So maybe I am seeing numbers like 8 and 32 and jumping to conclusions, but I thought the whole point is that you could do this without knowing any of the underlying hardware and you would just say "compile this to GPU!" ? These numbers make me think that you might be assuming some things such as an 8-wide SIMD, or so many cores in the GPU, or having AVX instructions, etc when you decide how big to make the tiles, chunks, and vectors?

nslobody

To add on to @abunch's question, would it be possible for the compiler to detect the machine's SIMD width, number of cores, and other processor characteristics and use those automatically in determining how to schedule the algorithm? If so then they could be easily overriden with annotations if another schedule besides that which the compiler chooses were desired.

jrk

Yes, the ideal parameters are going to be platform specific.
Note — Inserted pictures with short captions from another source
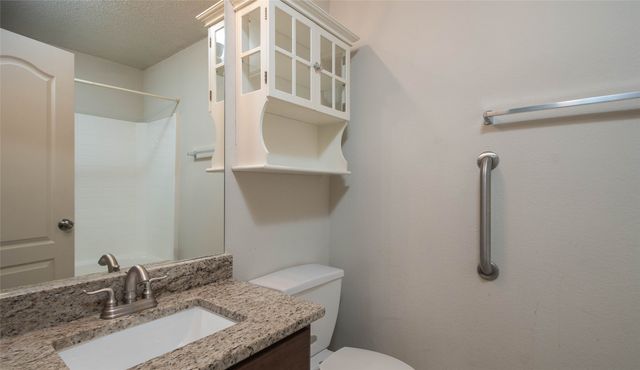 901 Elizabeth Drive, Lewisville, TX 75067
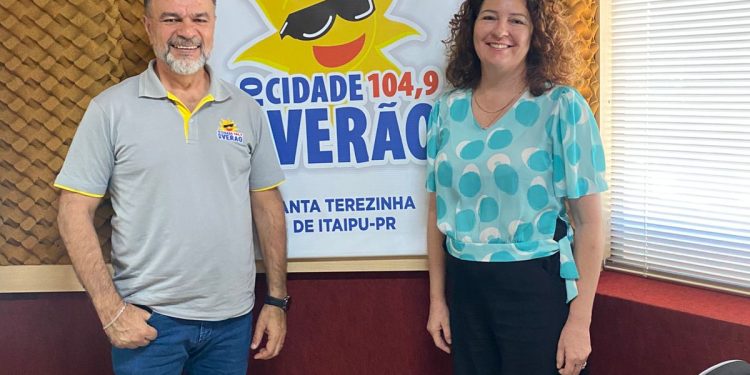 Entrevista solidária no programa Manhã 104 destaca ação em prol do casal Ademir e Jacinta
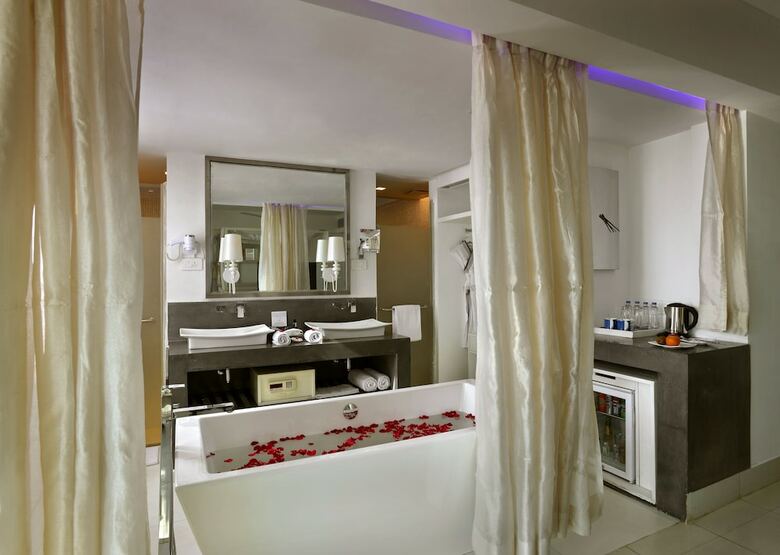 Hotel The Park Calangute Goa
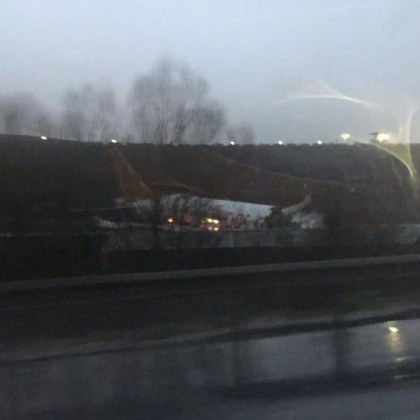 Ужас на летището в Истанбул! Самолет се счупи на две и избухна в пламъци! 112 линейки са на мястото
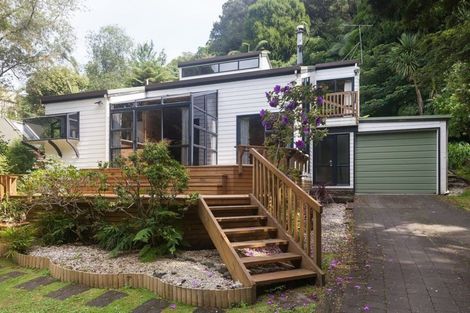 Photo of property in 12a Marina Grove, Frankleigh Park, New Plymouth, 4310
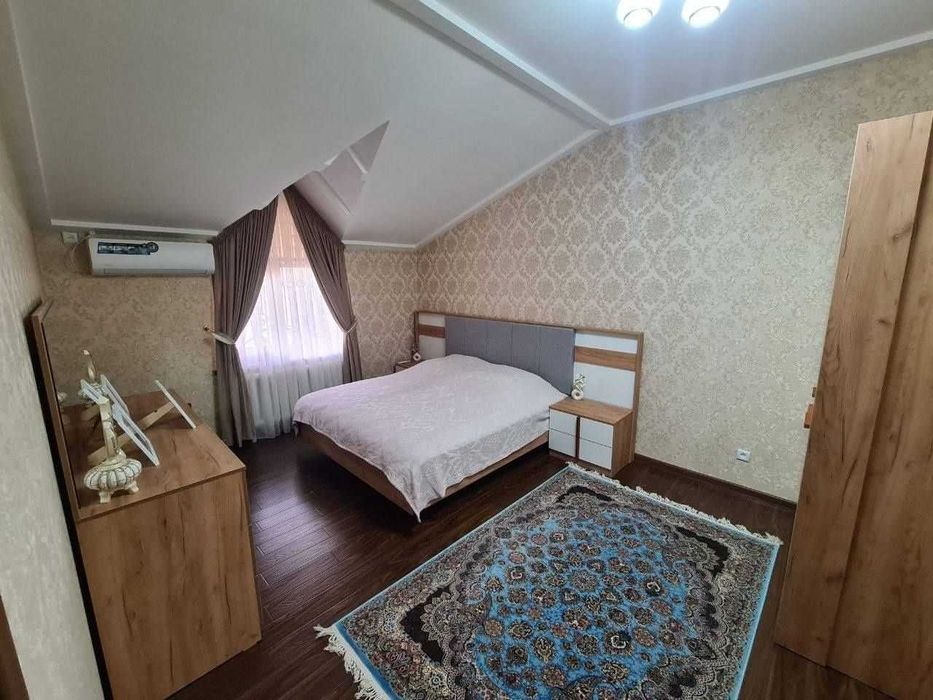 Циалковского. Дом. 4 сотки.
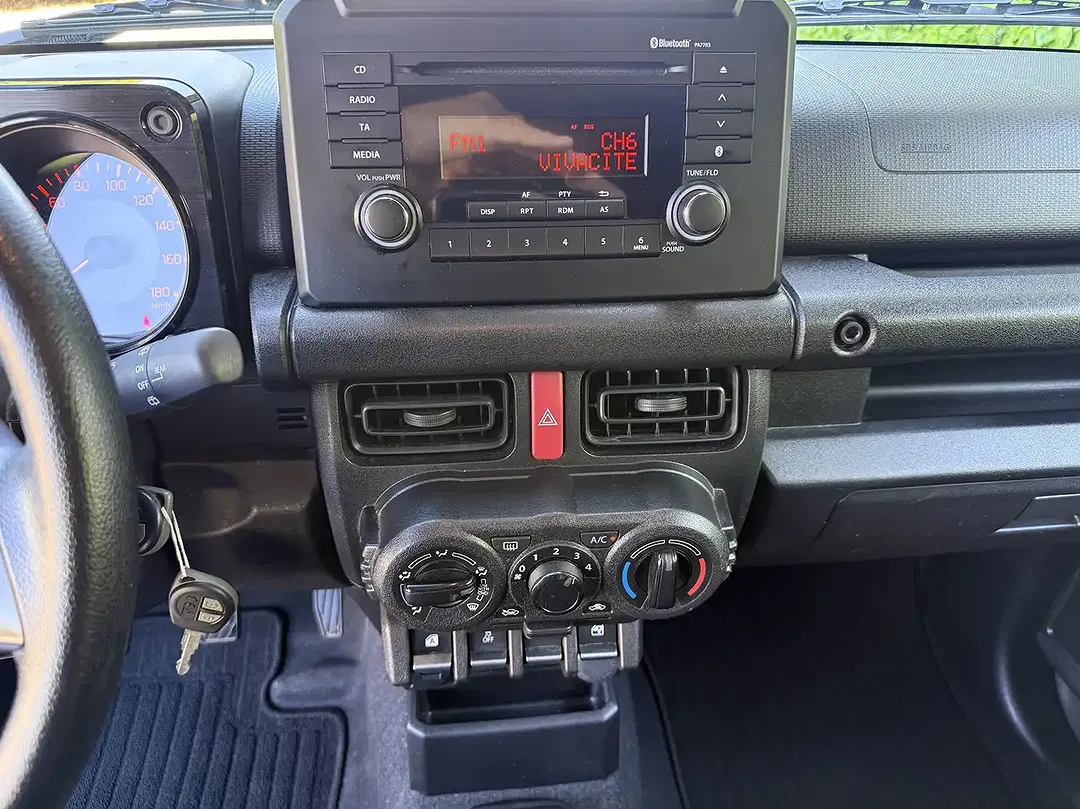 Suzuki Jimny 1.5 4x4 - Thumbnail 9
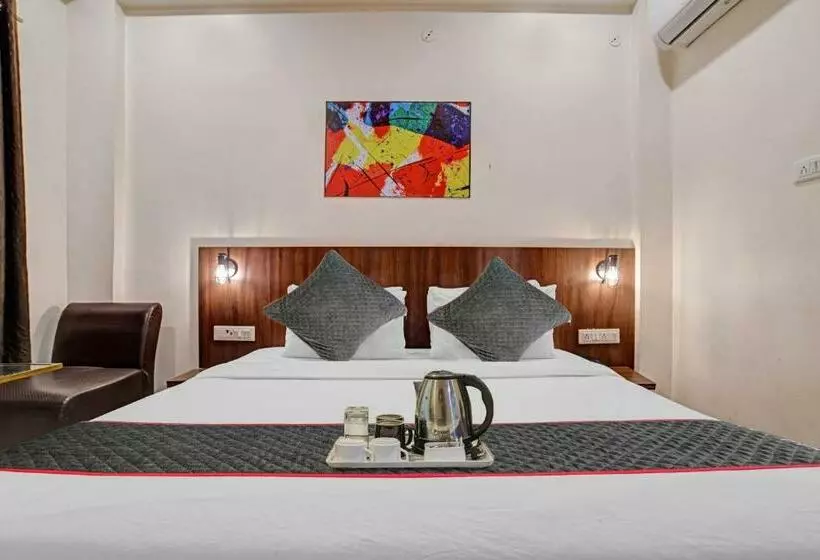 Hotelli Super Townhouse Benchmark Vijay Nagar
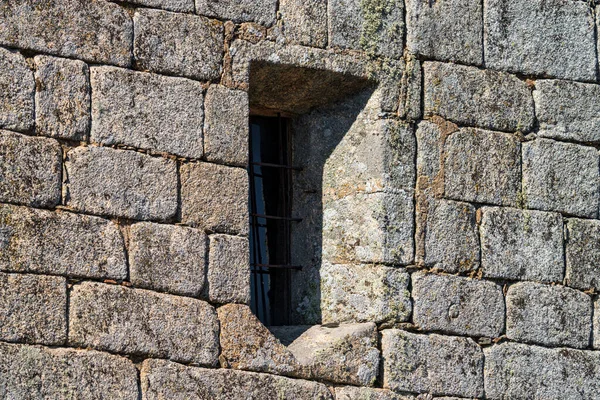Finestra in profondità nella facciata del muro di pietra — Foto Stock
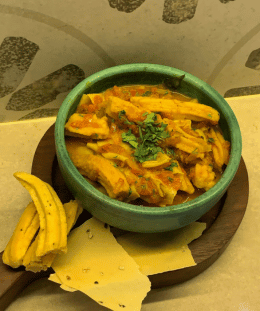Gathiya Papad Sabzi | Gujarati Papad Sabzi | Gathiya Curry Recipe | Traditional Gujarati Curry — recipe by Renu Dalal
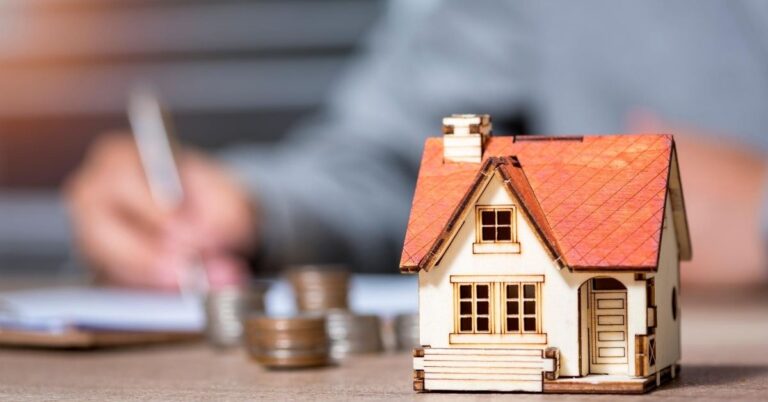 Un'immagine che ritrae casa, villetta, progetto, soldi e rivestimento.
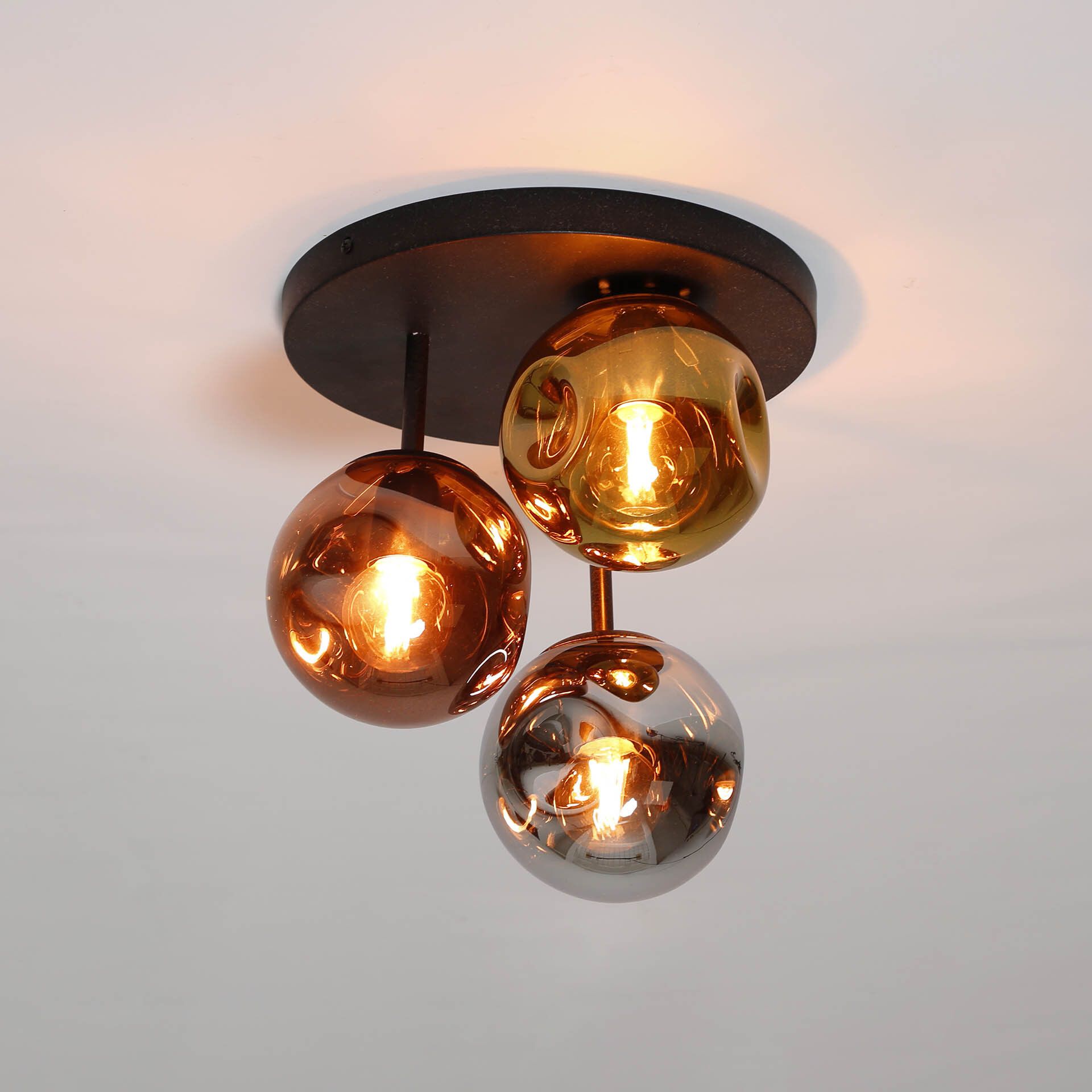 LifestyleFurn Shahid 3‑lamp plafondlamp – luxe glazen kappen in goud, koper & chroom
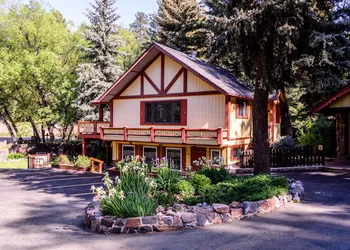 Alpen Way Chalet Mountain Lodge hotel thumbnail 5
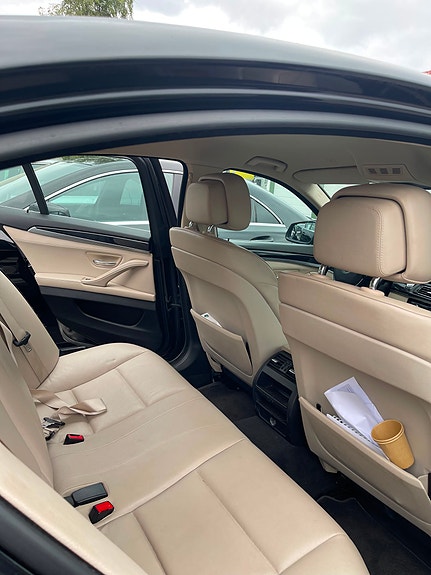 BMW 523i 10 of 17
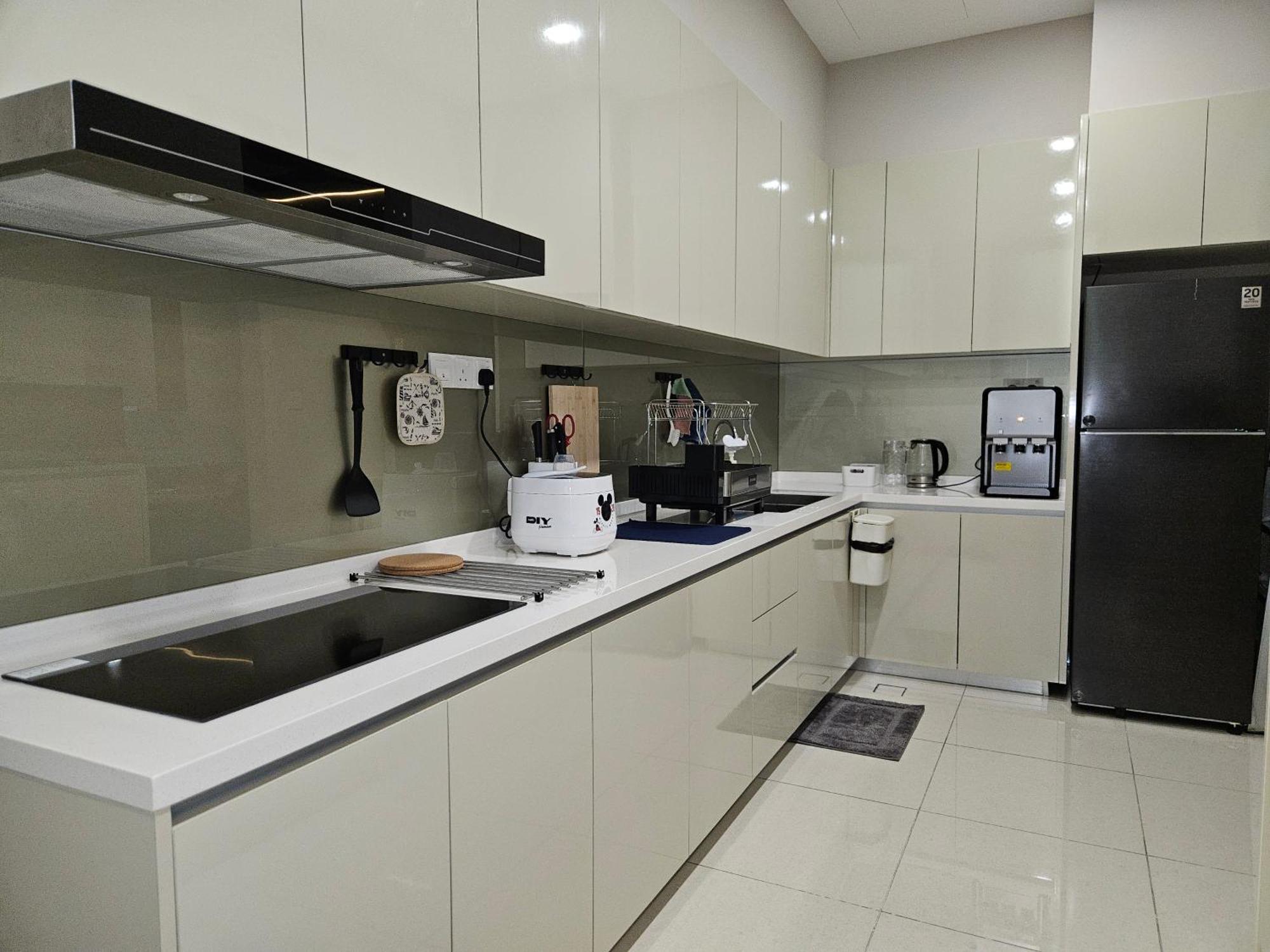 Apartment 3br The Luxurie At Paradigm Mall Residences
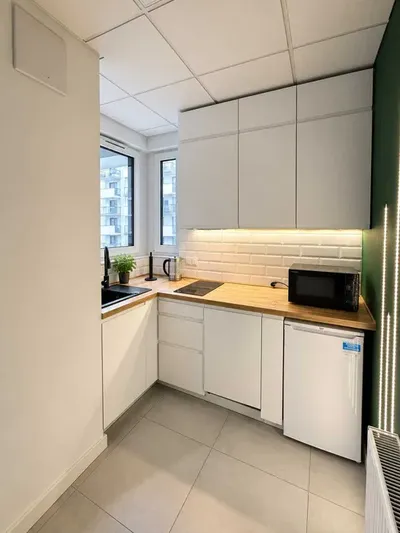 Studio apartament z łóżkiem | blisko centrum | klimatyzacja | balkon - miniatura 5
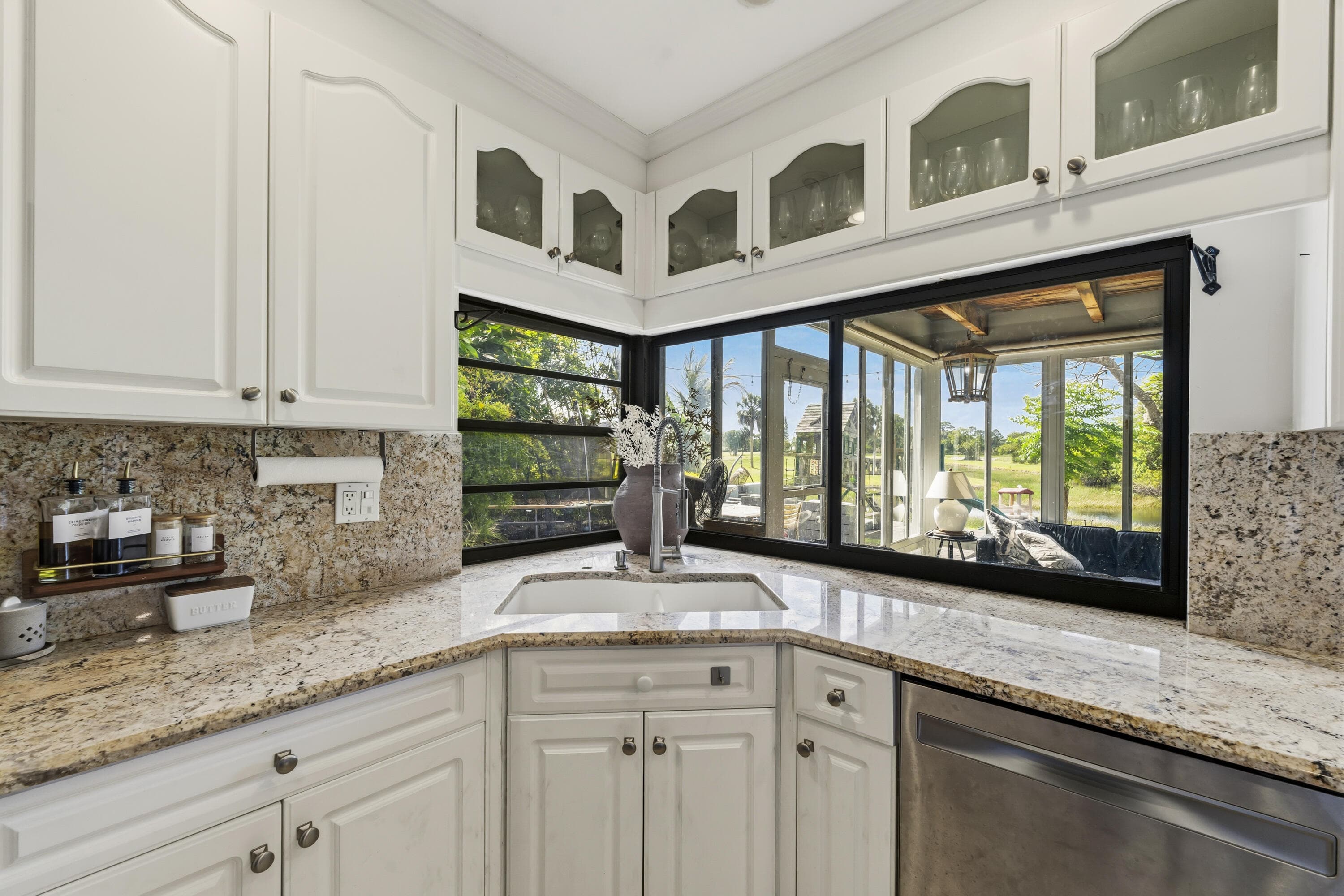 8015 SE Trenton Avenue, Hobe Sound, FL 33455 — photo 10 of 30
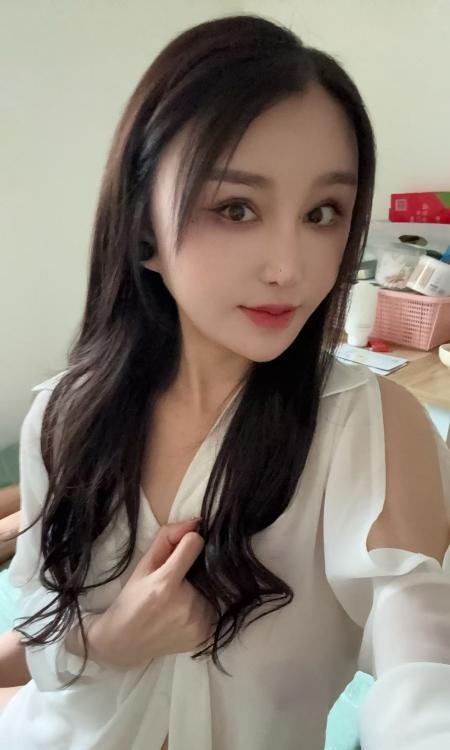 东站可调教佳怡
The key idea is that the schedule is fully decoupled from the description of the "algorithm." This is just one of an infinite number of possible schedules for this simple pipeline, and which is best will depend on the target architecture, the parameters and inputs (e.g., are the images small enough to fit in cache?), and the composition of the pipeline. The schedule can be specified explicitly by a human (as it is here), inferred by the compiler (e.g., using stochastic search aka "autotuning," as in the follow-on paper: http://people.csail.mit.edu/jrk/halide-pldi13.pdf), or any combination of the two (as @nslobody suggests).